>So the World Zionist Congress is now over, and it seems that we managed to leave Jerusalem just as the city was being overrun and shut down (the journey to Tel Aviv still took an extra 40+ minutes).
The last day of the WZC is primarily about the resolutions, and the votes which are held on all of them. The resolutions which have passed through the committee stage tend to advance relatively easily through the whole Congress. However, according to the antiquated WZC rules, a person can call for a Votum Separatum, which means that a rejected motion will still be voted on in the whole Congress, with the proposer generally speaking on its behalf at the beginning.
For the group which I had been involved in, considering Zionist Education, there were 2 Votum Separatums on resolutions, which we had voted against. They were important items for us, and we had to make sure that they were defeated again, thankfully we were successful.
During the voting it was clear that the pluralist, liberal parties had a majority of the votes on virtually all matters. And as members of the Orthodox right grew frustrated, towards the end of the session, a number of them invaded the stage to stall proceedings, and to sing Hatikvah. I do not think this was the Zionist dream Herzl had wanted us to pursue. And it provided a very disappointing picture: our way or no way.
The disappointment of this spectacle, was tempered by two young Australian delegates, one from Habonim Dror, and one from Bnei Akiva. They took the stage and explained how they find ways to work together, even when they disagree; providing a wonderful model of pluralism.
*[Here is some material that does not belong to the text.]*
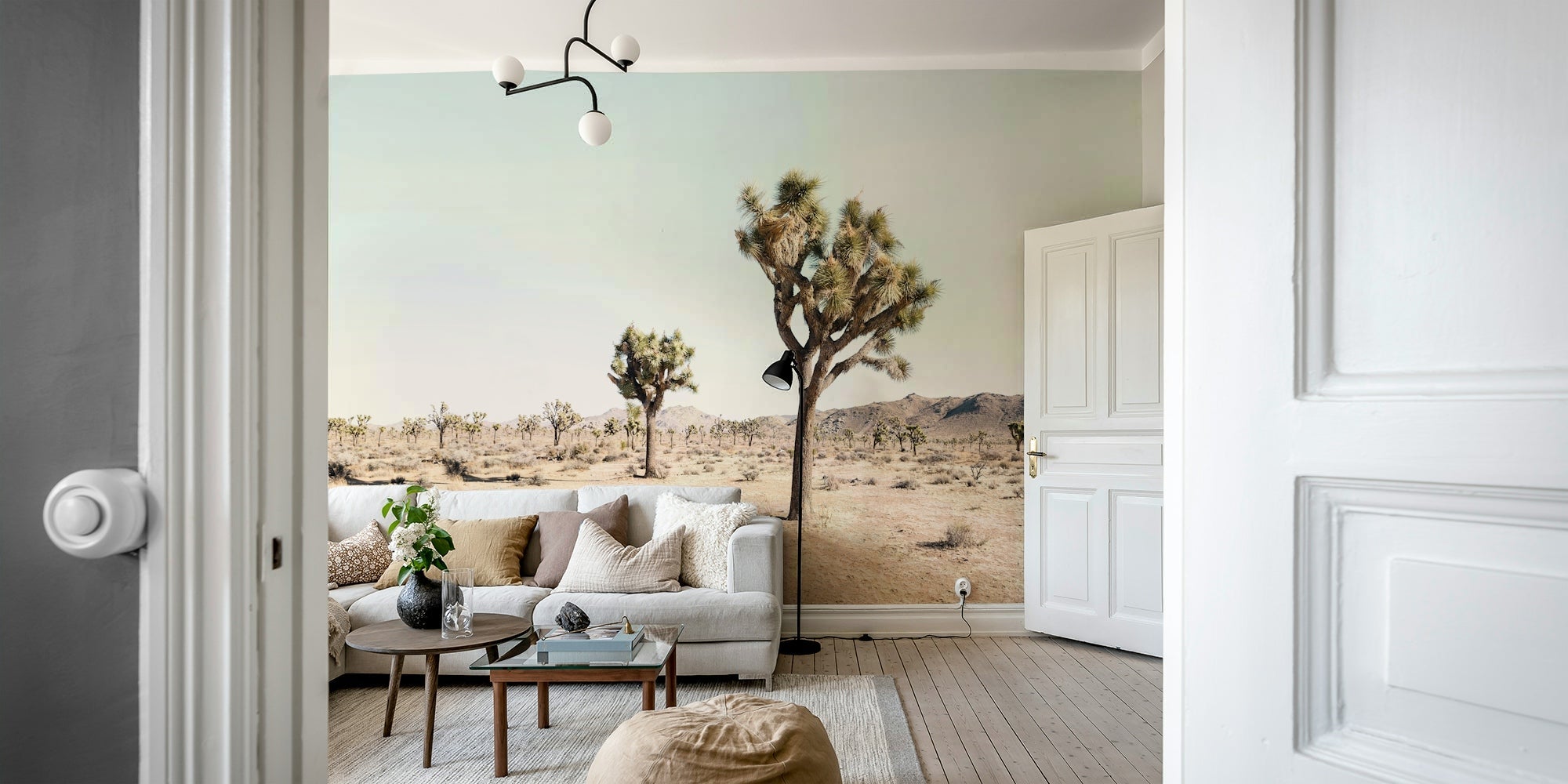 Serene desert landscape. GD2952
Hopefully it will be their voices leading our next generation.
This was a disappointing recitation of the Hatikvah – a moment when the song was used to divide, rather than unite. But at the very end of the Congress, when we all stood together to sing Hatikvah, I felt a link back to the first Zionist Congress when this song was adopted as our anthem. It was a powerful moment.
There were highs and lows during the course of the Congress. But despite all of that, there is something very inspiring about being a delegate at the same Congress, which Herzl founded in 1897. A lot has changed over the previous 113 years, much has been achieved and there is much left to do. We need to be worthy heirs to Herzl’s vision; advancing the continued development of a pluralist, Jewish, democratic state.